Check every line of the data below for the word "colored" and say how many have it, without further comment.

##########

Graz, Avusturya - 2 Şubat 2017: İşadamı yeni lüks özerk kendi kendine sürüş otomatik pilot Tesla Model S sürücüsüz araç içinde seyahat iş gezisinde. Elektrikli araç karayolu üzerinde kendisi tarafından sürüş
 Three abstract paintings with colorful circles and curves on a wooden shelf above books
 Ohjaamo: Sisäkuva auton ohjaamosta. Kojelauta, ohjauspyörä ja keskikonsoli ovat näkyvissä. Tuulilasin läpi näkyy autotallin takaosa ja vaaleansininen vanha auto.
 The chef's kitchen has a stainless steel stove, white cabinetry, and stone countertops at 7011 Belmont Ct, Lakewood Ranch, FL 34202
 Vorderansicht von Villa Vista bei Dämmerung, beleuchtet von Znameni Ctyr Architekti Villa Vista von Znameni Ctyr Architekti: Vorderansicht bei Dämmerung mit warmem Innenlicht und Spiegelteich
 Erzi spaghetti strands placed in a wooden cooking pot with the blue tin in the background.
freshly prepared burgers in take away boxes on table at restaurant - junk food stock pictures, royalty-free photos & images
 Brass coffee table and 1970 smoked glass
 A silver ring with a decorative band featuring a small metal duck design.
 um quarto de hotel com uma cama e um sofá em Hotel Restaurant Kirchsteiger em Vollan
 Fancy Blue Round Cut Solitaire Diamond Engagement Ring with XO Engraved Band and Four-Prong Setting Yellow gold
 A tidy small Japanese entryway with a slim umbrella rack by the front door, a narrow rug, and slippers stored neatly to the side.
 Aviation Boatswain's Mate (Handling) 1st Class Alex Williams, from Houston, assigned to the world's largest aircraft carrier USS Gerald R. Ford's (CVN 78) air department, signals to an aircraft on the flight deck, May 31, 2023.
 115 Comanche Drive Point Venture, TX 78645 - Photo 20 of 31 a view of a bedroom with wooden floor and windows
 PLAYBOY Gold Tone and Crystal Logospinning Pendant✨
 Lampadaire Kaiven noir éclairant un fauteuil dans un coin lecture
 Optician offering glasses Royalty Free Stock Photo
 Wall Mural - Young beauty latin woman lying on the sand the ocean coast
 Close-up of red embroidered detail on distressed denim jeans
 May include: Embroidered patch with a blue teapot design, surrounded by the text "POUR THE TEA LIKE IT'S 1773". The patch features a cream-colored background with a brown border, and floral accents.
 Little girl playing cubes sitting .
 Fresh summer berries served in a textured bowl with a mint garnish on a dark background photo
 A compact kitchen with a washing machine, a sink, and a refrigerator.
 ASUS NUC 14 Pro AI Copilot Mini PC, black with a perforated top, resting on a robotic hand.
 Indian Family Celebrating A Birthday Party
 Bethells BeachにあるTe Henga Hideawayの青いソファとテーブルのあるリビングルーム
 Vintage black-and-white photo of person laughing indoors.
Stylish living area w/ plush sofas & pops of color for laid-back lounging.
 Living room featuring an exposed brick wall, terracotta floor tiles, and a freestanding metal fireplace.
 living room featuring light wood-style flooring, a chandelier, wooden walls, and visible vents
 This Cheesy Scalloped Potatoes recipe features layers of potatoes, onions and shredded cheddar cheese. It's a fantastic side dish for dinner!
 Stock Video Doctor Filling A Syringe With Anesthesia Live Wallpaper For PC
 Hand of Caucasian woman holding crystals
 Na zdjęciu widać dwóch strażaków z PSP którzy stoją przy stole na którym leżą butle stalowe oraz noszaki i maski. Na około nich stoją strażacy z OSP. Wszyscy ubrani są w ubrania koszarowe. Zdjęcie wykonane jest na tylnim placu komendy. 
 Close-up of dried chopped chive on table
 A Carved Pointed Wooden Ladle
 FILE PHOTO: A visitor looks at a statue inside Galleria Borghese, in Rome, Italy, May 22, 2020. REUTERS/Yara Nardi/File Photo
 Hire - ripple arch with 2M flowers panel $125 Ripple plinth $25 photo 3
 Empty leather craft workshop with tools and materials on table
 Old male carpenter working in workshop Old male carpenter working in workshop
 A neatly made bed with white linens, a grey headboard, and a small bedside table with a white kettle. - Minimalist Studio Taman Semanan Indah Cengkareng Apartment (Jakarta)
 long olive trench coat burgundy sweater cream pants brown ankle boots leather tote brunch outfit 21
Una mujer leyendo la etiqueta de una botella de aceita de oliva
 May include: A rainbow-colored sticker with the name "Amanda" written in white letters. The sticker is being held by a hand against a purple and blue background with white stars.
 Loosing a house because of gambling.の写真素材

##########

#### [Exercise solution]
2